Poems on thespian themes, presented both straight up and in comics format.
Instructional purpose plays a strong second fiddle to artistic expression in this book. LaTulippe opens with 23 verses embedded into expressive scenes of theatrical production, from first auditions and rehearsals to curtain calls. She then repeats the same poems on plain backgrounds before closing with analytical notes on each one’s mostly varying poetic forms and rhyme schemes, followed by a glossary of theater terms. The author even color-codes each of the six “Acts,” or sections, to differentiate them and adds a bit of history with visual references to period scenery and costumes. Writing with an easy fluidity in a variety of forms, from pantoum to roundel, tercets to couplets, she lets the anthropomorphized theater building, stage, piano, and costumes present their own experiences while capturing the potential of theater to engage actors and audiences emotionally: “Costume ripped / can’t find a pin. / Makeup’s dripping / down my chin. / Who took my wig? / Is that my prop? / What if we’re / a giant flop?” In Gonzales’ equally fluid art, a multiracial cast and crew work hard together, from sign-ups to final bows.

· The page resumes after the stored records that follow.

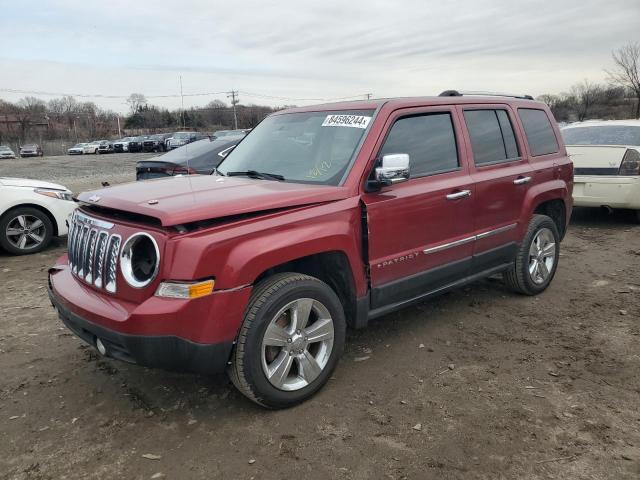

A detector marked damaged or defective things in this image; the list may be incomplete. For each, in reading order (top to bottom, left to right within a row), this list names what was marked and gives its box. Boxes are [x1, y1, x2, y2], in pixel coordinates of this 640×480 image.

dented hood [79, 174, 356, 227]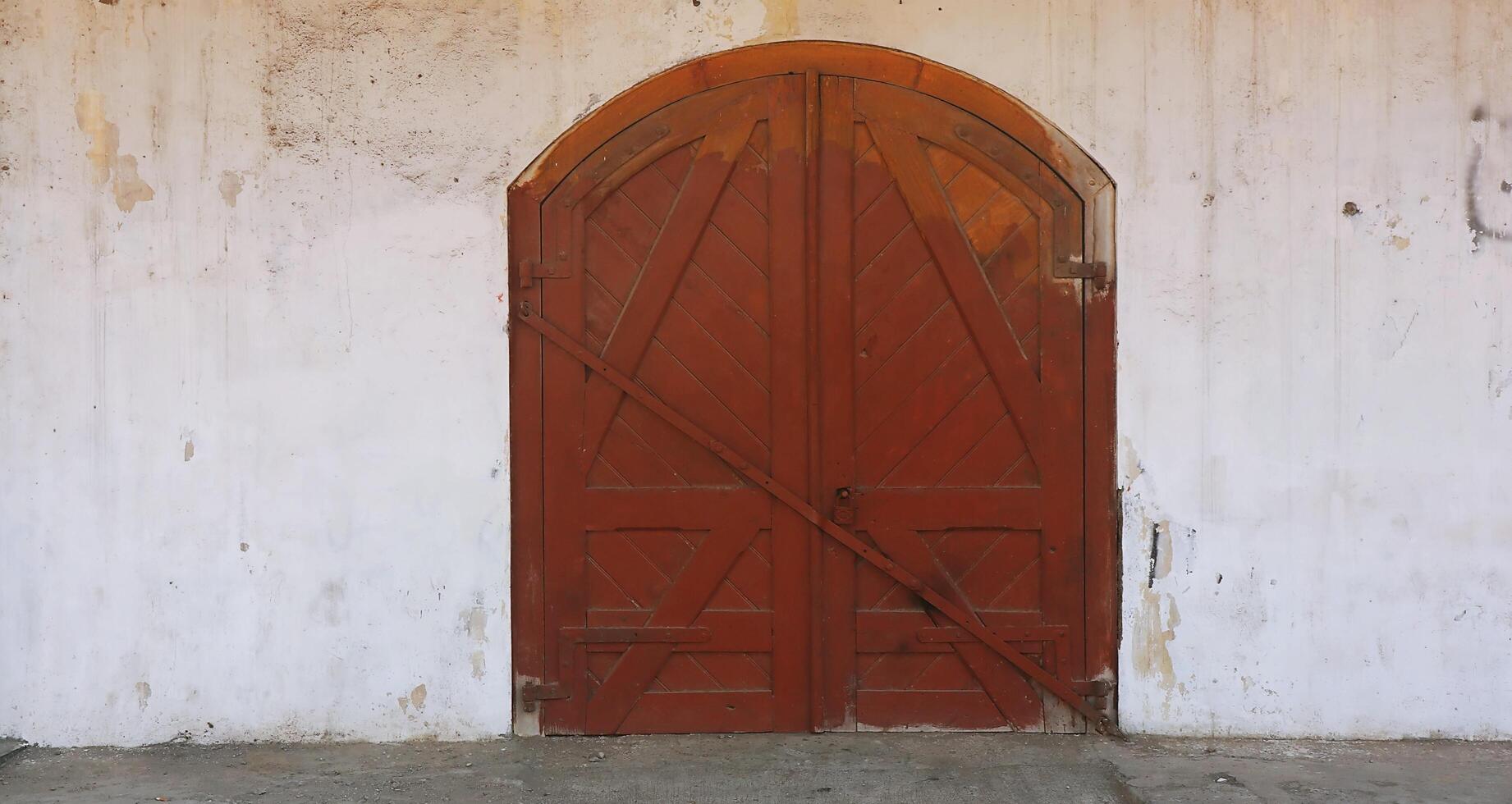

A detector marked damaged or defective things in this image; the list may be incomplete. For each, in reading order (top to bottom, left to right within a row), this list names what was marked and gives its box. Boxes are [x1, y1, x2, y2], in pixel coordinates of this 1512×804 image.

rust stain on wall [73, 91, 154, 212]
rusty hinge strap [1052, 259, 1112, 282]
rusty hinge strap [514, 305, 1119, 737]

A sparkling show, stuffed with theatrical tributes.
—Kirkus Reviews
“Doors swing open. Step inside/ where dreams and fantasies reside,” LaTulippe (The Crab Ballet) writes in this fond graphic novel homage to community theater and the myriad merging components necessary to produce a show. Utilizing mask poems told from the POVs of the book’s numerous subjects, the author gives voice to the different processes, objects, and individuals that make up a full production, including the audition (“To get the part—/ first get through me./ I’m your nightmare./ I’m your dream”), a pair of tap shoes (“Toppity tuppity tippity TAP!”), the crew in blackout (“Like panthers we slink,/ completely in sync”), the yearning understudy (“if only she’d sneeze”), and the applause itself (“I surge./ I rise./ I roar”). Each separate piece combines to form a cohesive, enthusiastic narrative that’s centered on a musical revue of the 1960s, ’70s, ’80s, and ’90s, which Gonzales (the Carlos Gomez series) depicts in buoyant full-color illustrations and lively, movement-filled paneling. Child actors and crew are shown with various skin tones as they fret, work, and emote. Concludes with transcriptions of the poems sans artwork, descriptions of the poetic forms used, and a glossary of theater terms.